# Ikamet failed



## RogerL (Jan 14, 2016)

I have been waiting in Istanbul for my Ikamet to be renewed. I have just discovered that the application failed because the documents never arrived in time but I was not informed even when I enquired in November. This means that I have spent 65 days in Turkey without a permit. I am booked to fly back to England on Jan 28. Is there any way I can avoid a fine and a 3 month ban when the problem was not one of my making?


----------



## MertL (Jan 16, 2016)

*ikamet*

Dear Roger,

The cancelation of your application must be notified to you, you have a good intention. If you need more information, you can send an e-mail /snip/

Refusal, cancelation or non-renewal of residence permit applications
lodged in Turkey

ARTICLE 25 –

(2) Refusal, non-renewal or cancelation of the application shall be notified to
the foreigner or, to his/her legal representative or lawyer. This notification
shall also include information on how foreigners would effectively
exercise their right of appeal against the decision as well as other legal
rights and obligations applicable in the process.


----------



## BedouGirl (Sep 15, 2011)

MertL said:


> Dear Roger, The cancelation of your application must be notified to you, you have a good intention. If you need more information, you can send an e-mail /snip/ Refusal, cancelation or non-renewal of residence permit applications lodged in Turkey ARTICLE 25 – (2) Refusal, non-renewal or cancelation of the application shall be notified to the foreigner or, to his/her legal representative or lawyer. This notification shall also include information on how foreigners would effectively exercise their right of appeal against the decision as well as other legal rights and obligations applicable in the process.

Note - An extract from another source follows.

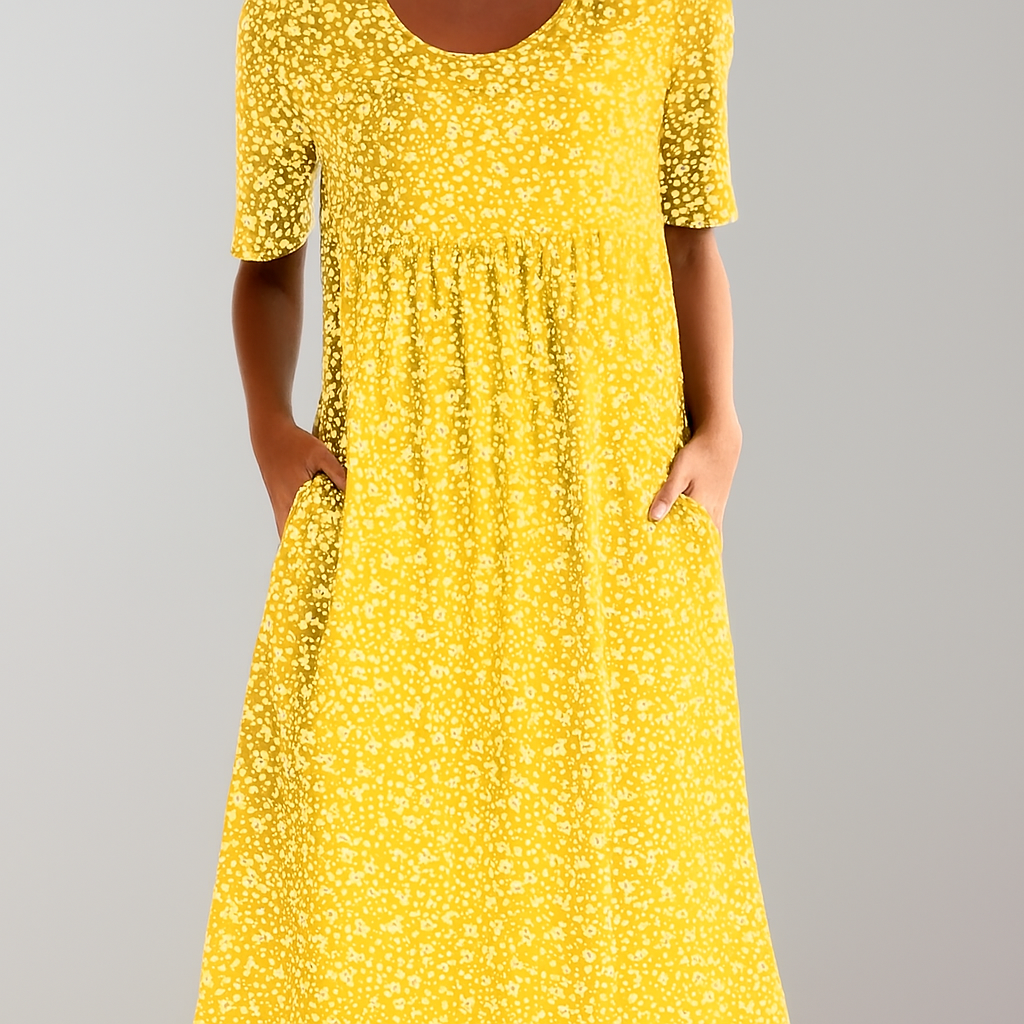 Midikleid mit Blumenmuster und hoher Taille und Taschen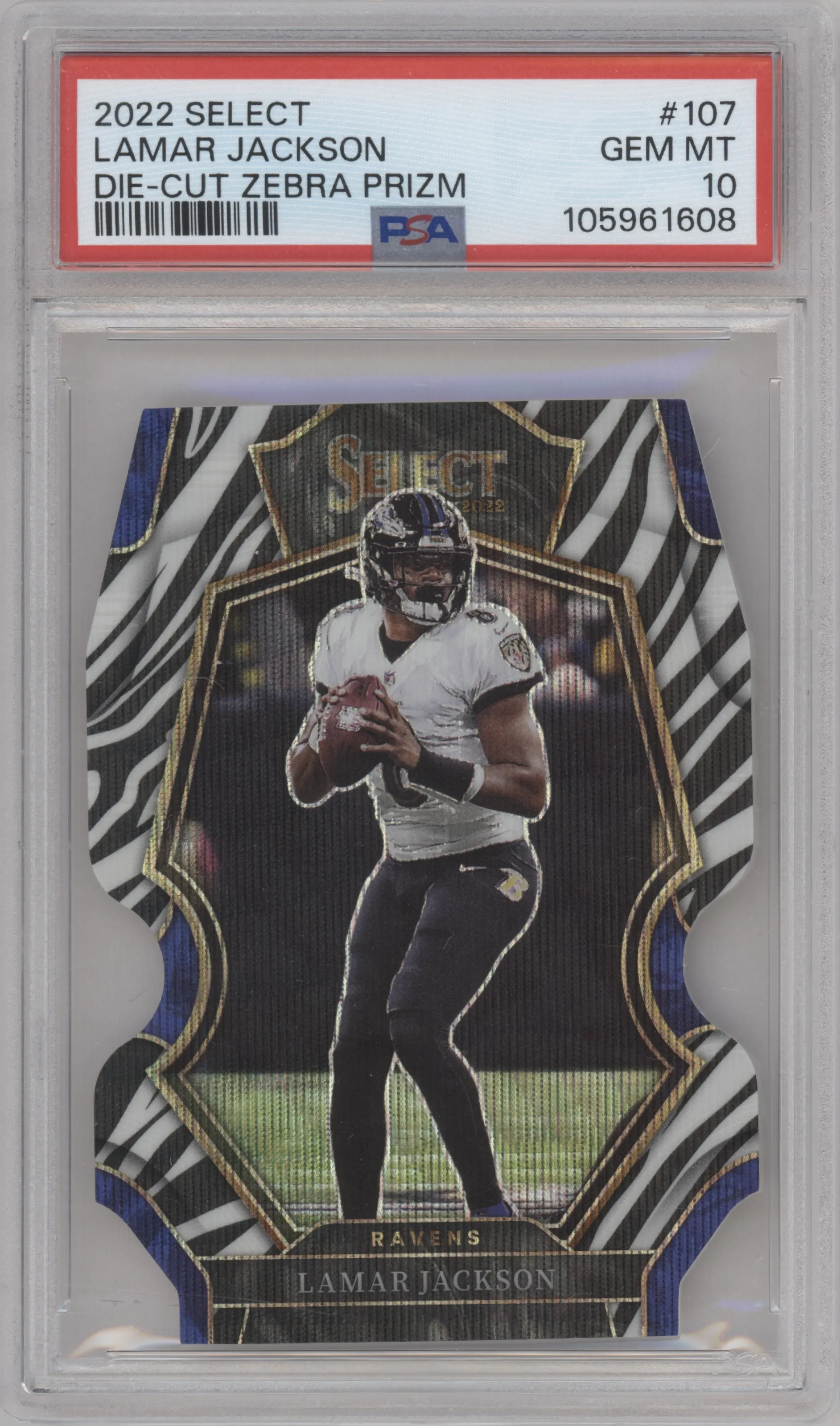 2022 Panini Select Pre.Lvl. Lamar Jackson Die-Cut Zebra #107 PSA 10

Posting personal contact details on the forum is not permitted. Please read the forum rules before posting again.


----------



## RogerL (Jan 14, 2016)

*Thank you*




MertL said:


> Dear Roger,
> 
> The cancelation of your application must be notified to you, you have a good intention. If you need more information, you can send an e-mail /snip/
> 
> ...


Thank for this information. I will make another visit to the Office this week.


----------